> **WHAT IS BEING ASKED**:
Images in the data are to be skipped, while every line is restated exactly as written.

> **DATASET EXCERPT**:

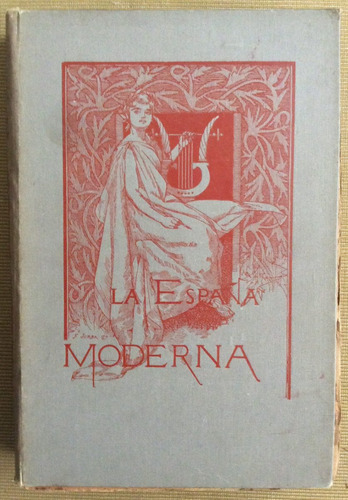 La España Moderna - Marzo Y Abril 1890 Publicacion Literaria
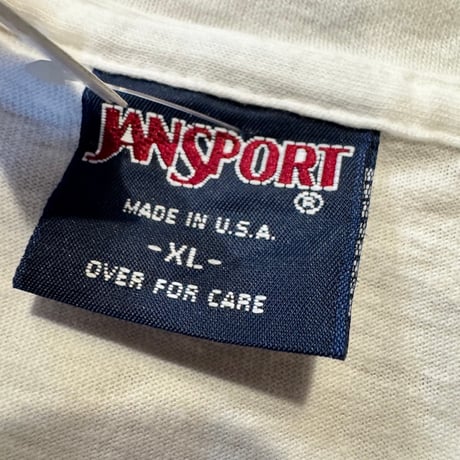 80's USA製 JANSPORT プリントTシャツ XL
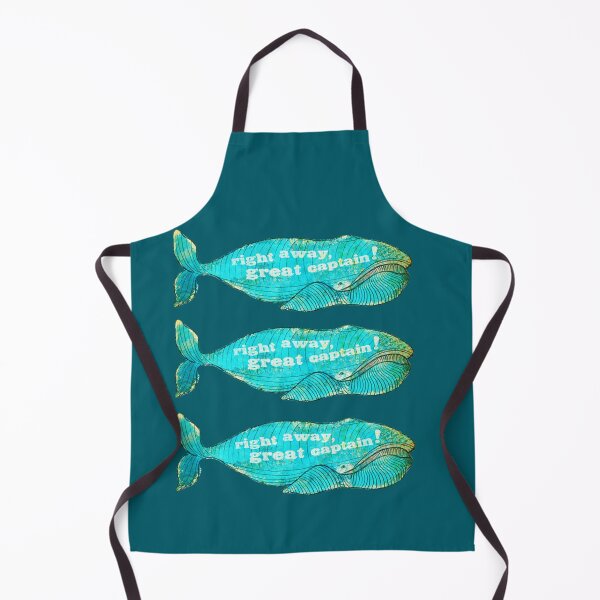 Item preview, Right Away Great Captain! designed and sold by BrigetteUK.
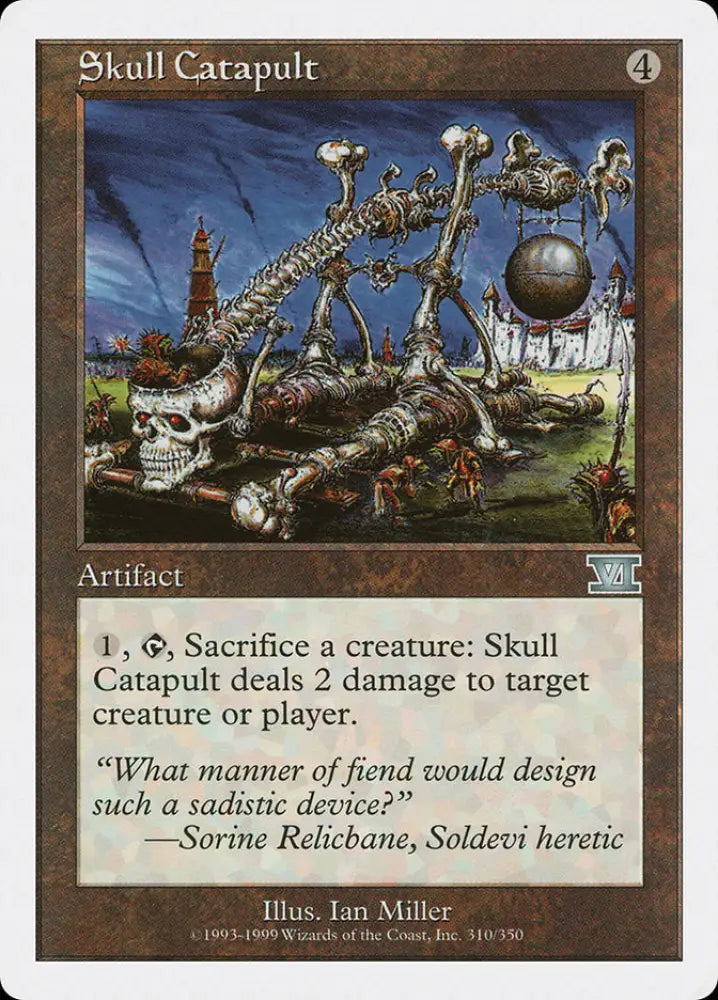 Skull Catapult [Classic Sixth Edition] - MTG Single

> **ANSWER FOR THIS EXERCISE**:
 La España Moderna - Marzo Y Abril 1890 Publicacion Literaria
 80's USA製 JANSPORT プリントTシャツ XL
 Item preview, Right Away Great Captain! designed and sold by BrigetteUK.
 Skull Catapult [Classic Sixth Edition] - MTG Single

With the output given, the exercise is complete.